La segunda maniobra: un intercambio que salió mal
El segundo episodio ocurrió más de un año después y tuvo como protagonista a otro hombre, de apellido Echegaray. Todo comenzó con una publicación de WhatsApp en la que ofrecía su Yamaha Criptón 110.
Gutiérrez, que era pareja de una prima del denunciante, se contactó con él y le hizo una propuesta de intercambio. El acuerdo consistía en entregar una Honda Wave 110 modelo 2024 y dinero a favor de Echegaray.
El 27 de diciembre de 2025 concretaron la operación. Echegaray entregó su Yamaha, la documentación del vehículo y $1 millón en efectivo. A cambio recibió la Honda Wave, aunque Gutiérrez le aseguró que los papeles de esa motocicleta llegarían una semana después.
El problema apareció cuando la nueva moto comenzó a ser utilizada. Según la investigación, la Honda Wave tenía un pedido de secuestro vigente por un robo anterior, una circunstancia que Gutiérrez habría ocultado al momento de realizar la operación.

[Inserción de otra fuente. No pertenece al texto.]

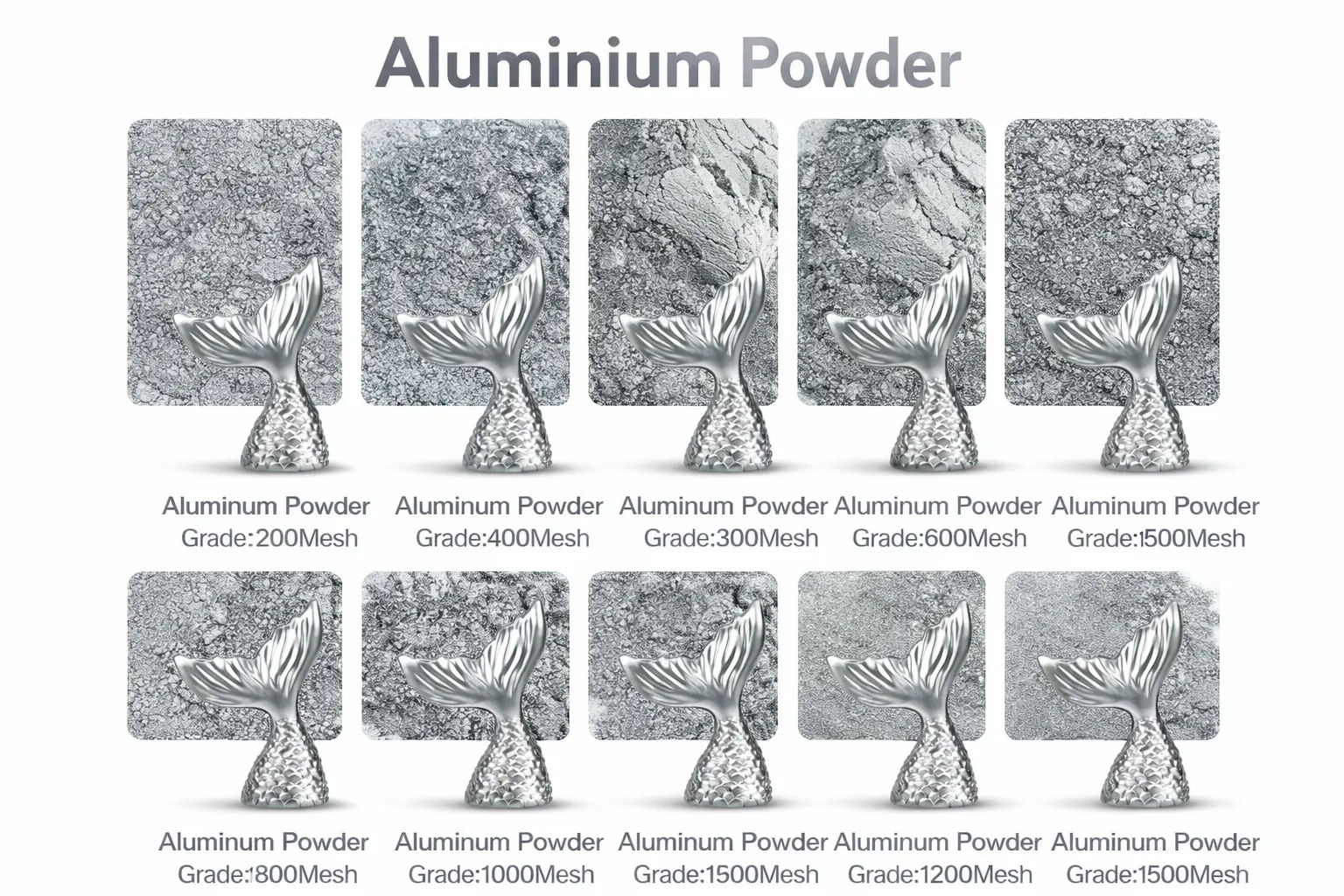 Aluminium powder mesh grades from 200 mesh to 1500 mesh shown on silver fishtail samples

El 19 de enero de 2026, Echegaray circulaba con la Honda Wave por Pocito cuando fue interceptado durante un operativo policial. Los efectivos detectaron que el vehículo tenía un pedido de secuestro y procedieron a incautarlo. El comprador quedó involucrado en una investigación por presunto encubrimiento, aunque no fue detenido.

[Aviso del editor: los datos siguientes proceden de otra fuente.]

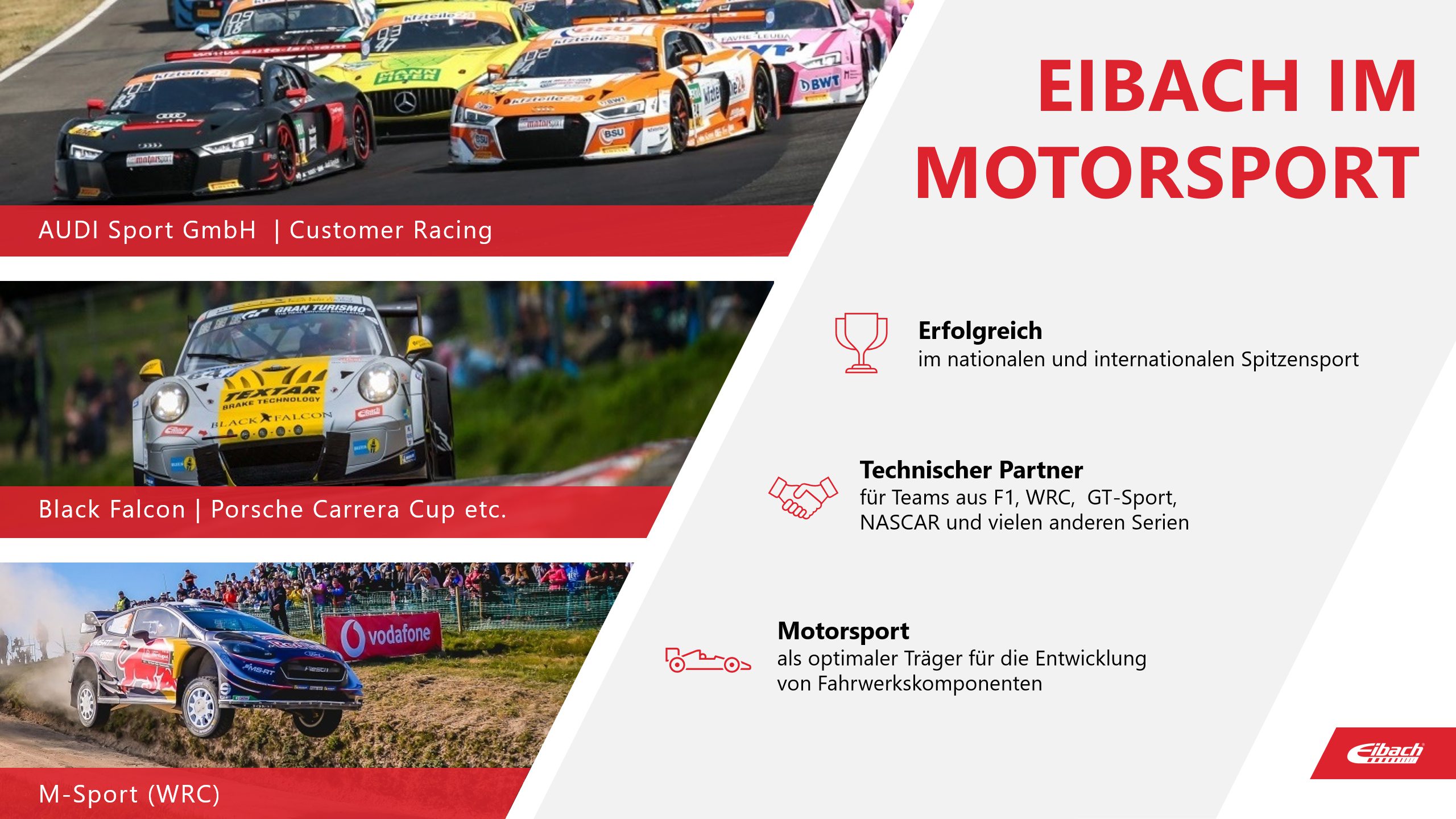 Eibach PowerPoint Präsentation Im Motorsport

Finalmente, la motocicleta fue restituida a su propietario original. Cuando Echegaray intentó comunicarse con Gutiérrez para obtener explicaciones, no consiguió respuestas. Después descubrió otro dato que complicó todavía más la situación: su Yamaha Criptón había sido publicada para la venta.
La Justicia consideró acreditada la maniobra y la encuadró como una estafa.
La condena
Los dos episodios terminaron unificados en el acuerdo de juicio abreviado que aceptó Gutiérrez. El hombre recibió una pena de dos años y seis meses de prisión condicional, por lo que permanecerá en libertad siempre que cumpla con las condiciones fijadas por la Justicia.
Entre las obligaciones impuestas figuran fijar domicilio, someterse al control del Patronato de Liberados y Condenados y presentarse cuando sea requerido. Además, tiene prohibido acercarse o molestar a los dos denunciantes.
La condena quedó establecida luego de que Gutiérrez reconociera su responsabilidad por los hechos investigados.